> Task brief
The required output is the exact run of lines from the one bearing "Országos vizsgálatot rendelt" through the final line of the listing below, with the pictures removed.

──────

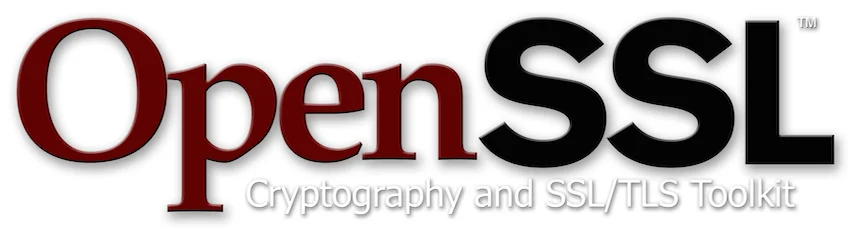 Staying ahead of OpenSSL vulnerabilities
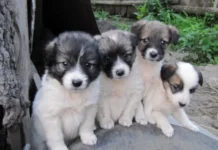 A fost amendat cu 5.000 de lei pentru că a refuzat să își sterilizeze câinele
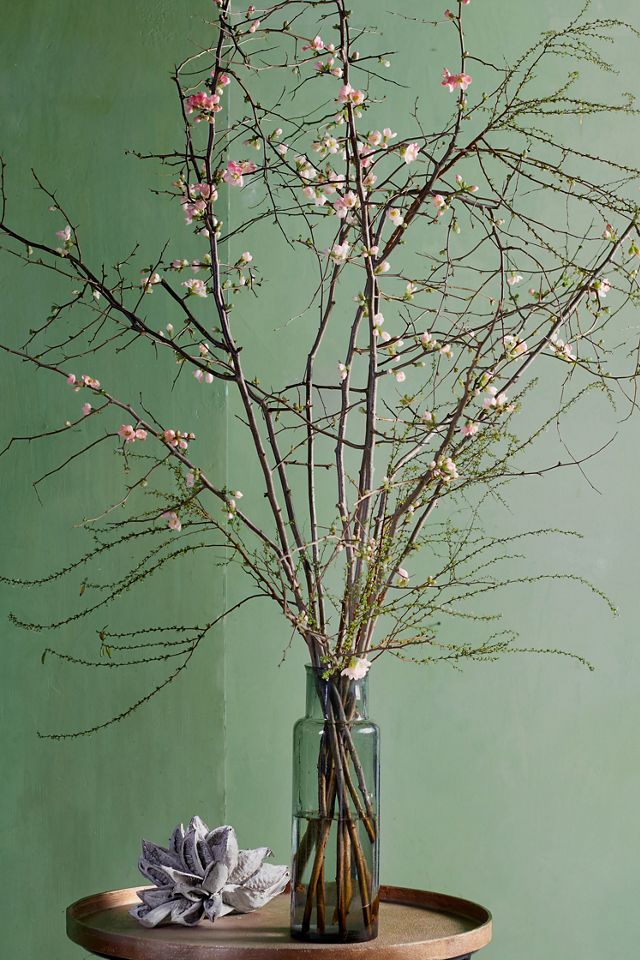 Quince Branches #7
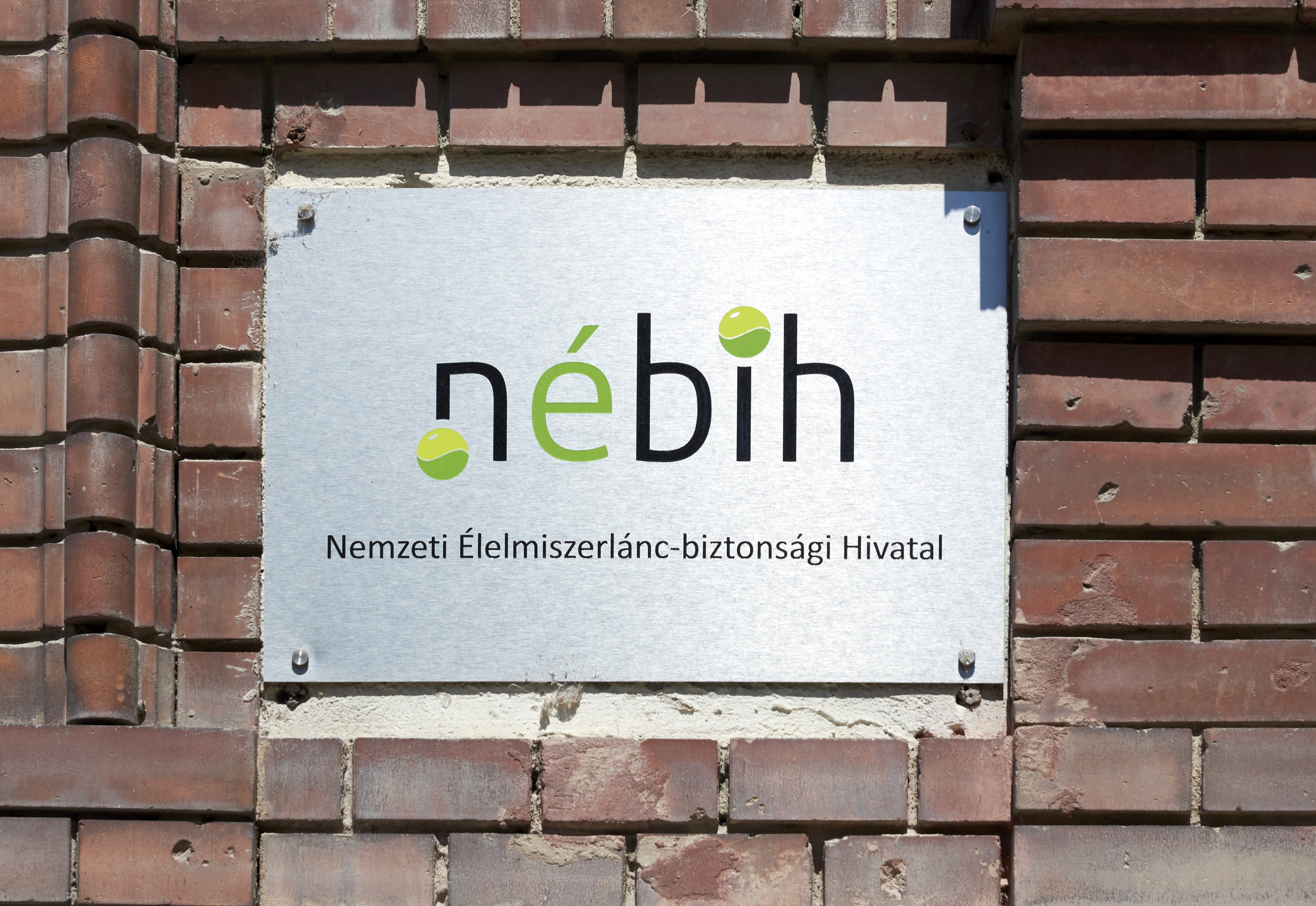 Országos vizsgálatot rendelt el a Nébih a kéknyelv-betegség miatt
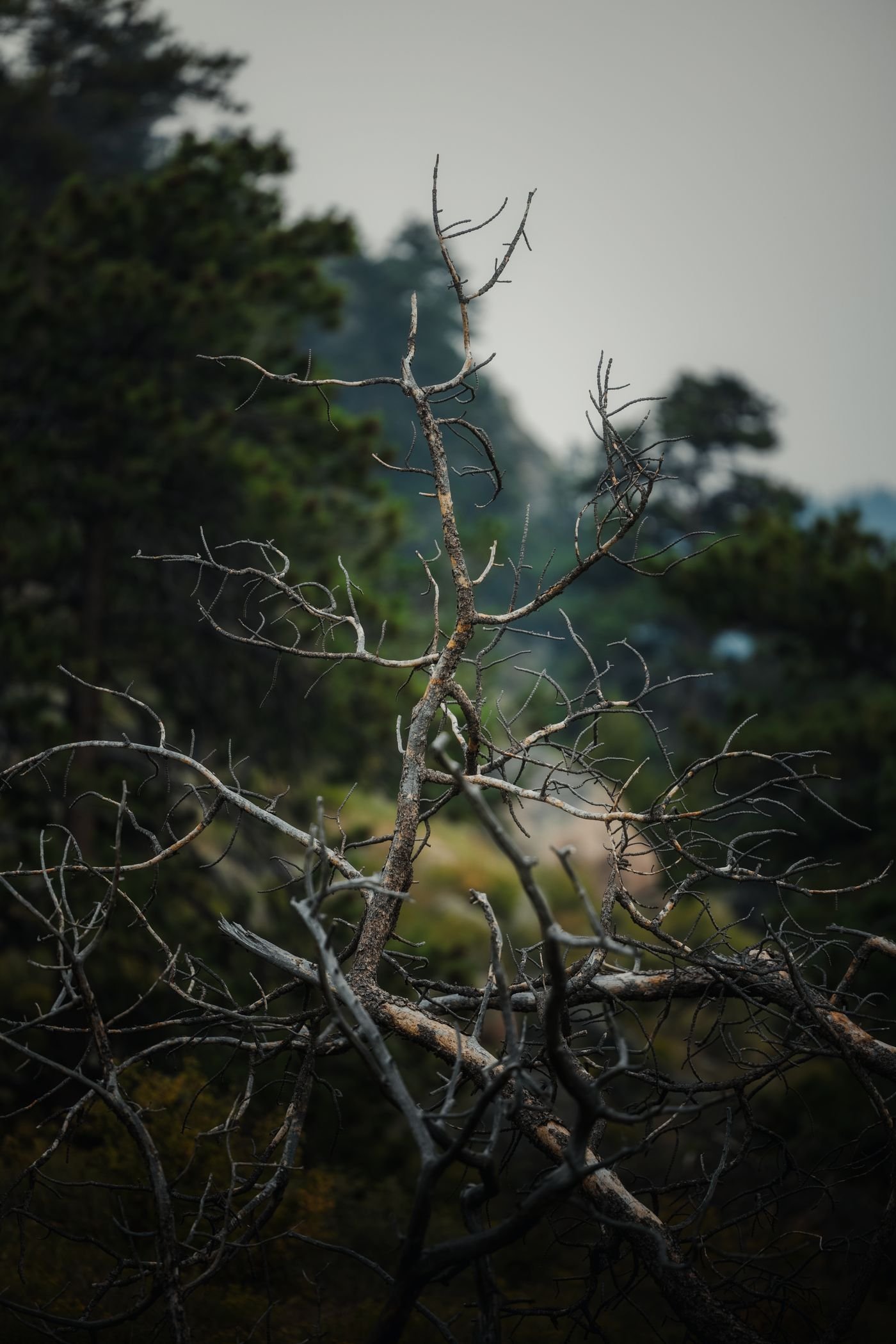 Tree Trimming vs Pruning: What’s Actually Different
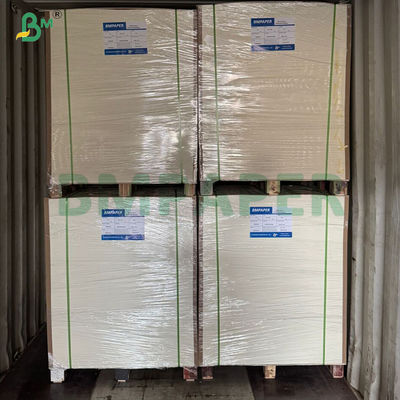 Χάρτινα χαρτιά για φλιτζάνια, με επικάλυψη PE, μονής όψης, ανθεκτικά στη λευκή θερμοκρασία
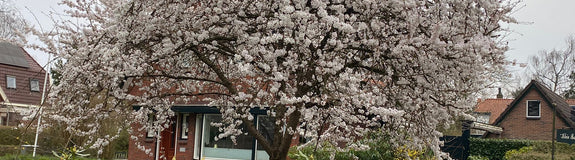Japanse sierkers Brilliant in bloei (eind maart)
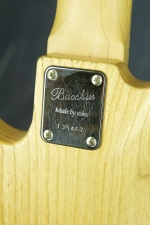 Bacchus WOODLINE ASH5 OIL 5-string Bass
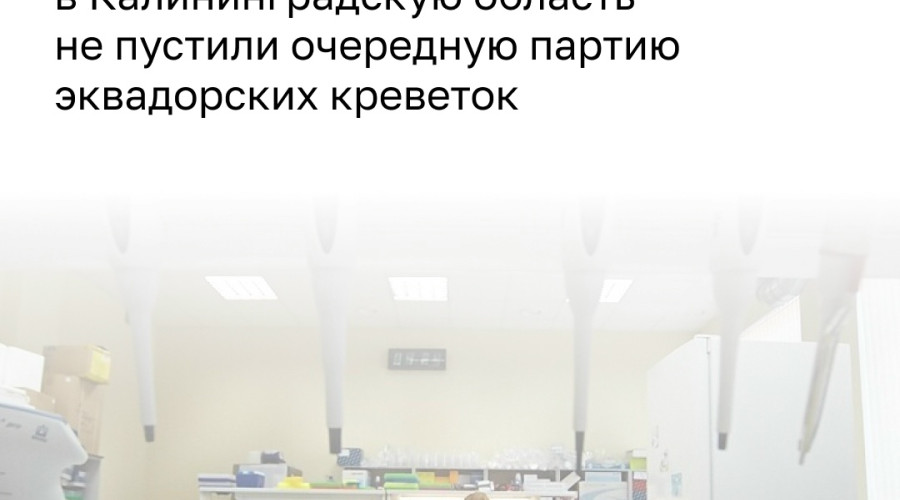 24 тонны эквадорских креветок задержаны в Калининградской области из-за неполных документов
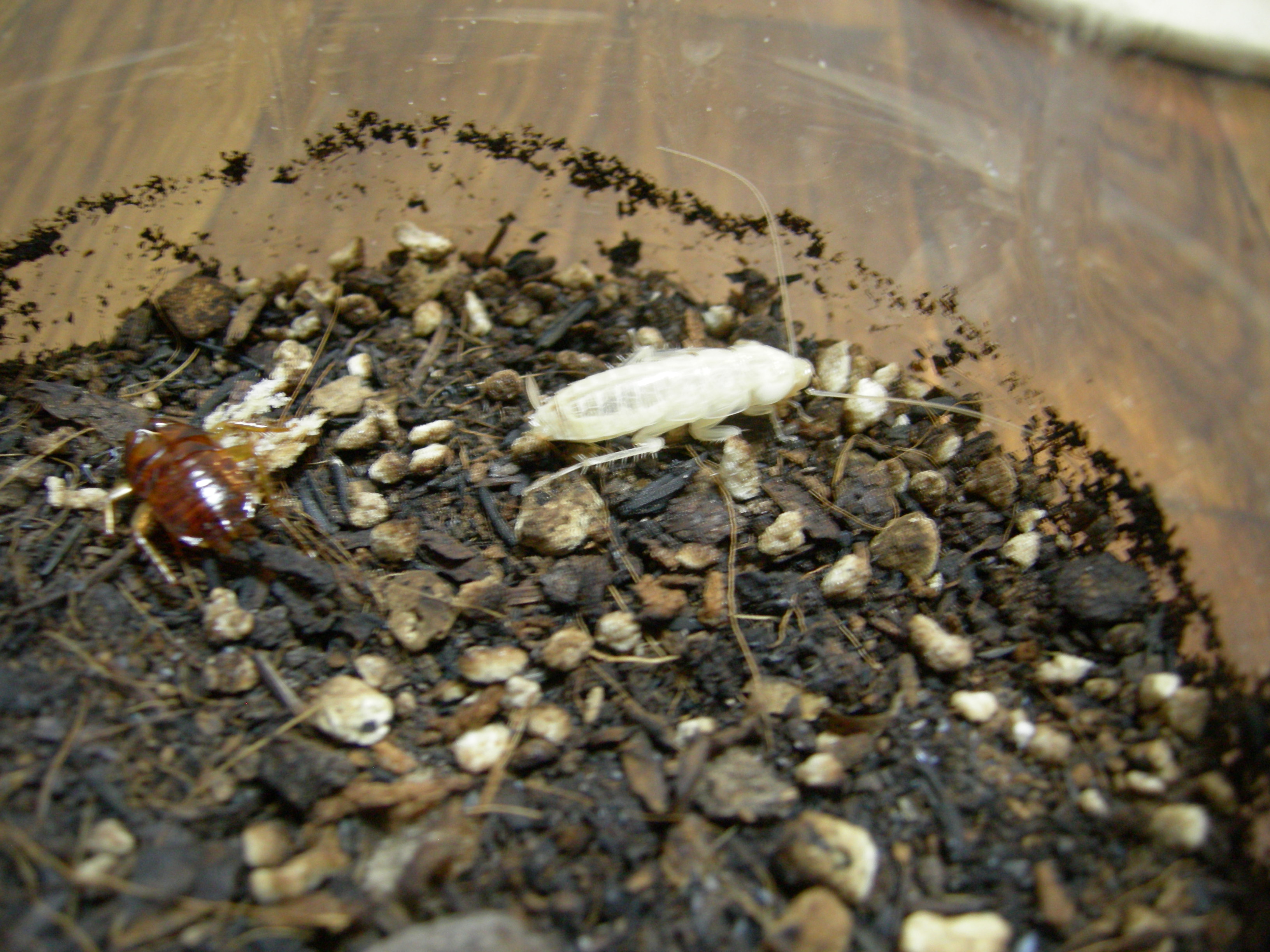 白いクロゴキブリ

──────

> Task output
 Országos vizsgálatot rendelt el a Nébih a kéknyelv-betegség miatt
 Tree Trimming vs Pruning: What’s Actually Different
 Χάρτινα χαρτιά για φλιτζάνια, με επικάλυψη PE, μονής όψης, ανθεκτικά στη λευκή θερμοκρασία
Japanse sierkers Brilliant in bloei (eind maart)
 Bacchus WOODLINE ASH5 OIL 5-string Bass
 24 тонны эквадорских креветок задержаны в Калининградской области из-за неполных документов
 白いクロゴキブリ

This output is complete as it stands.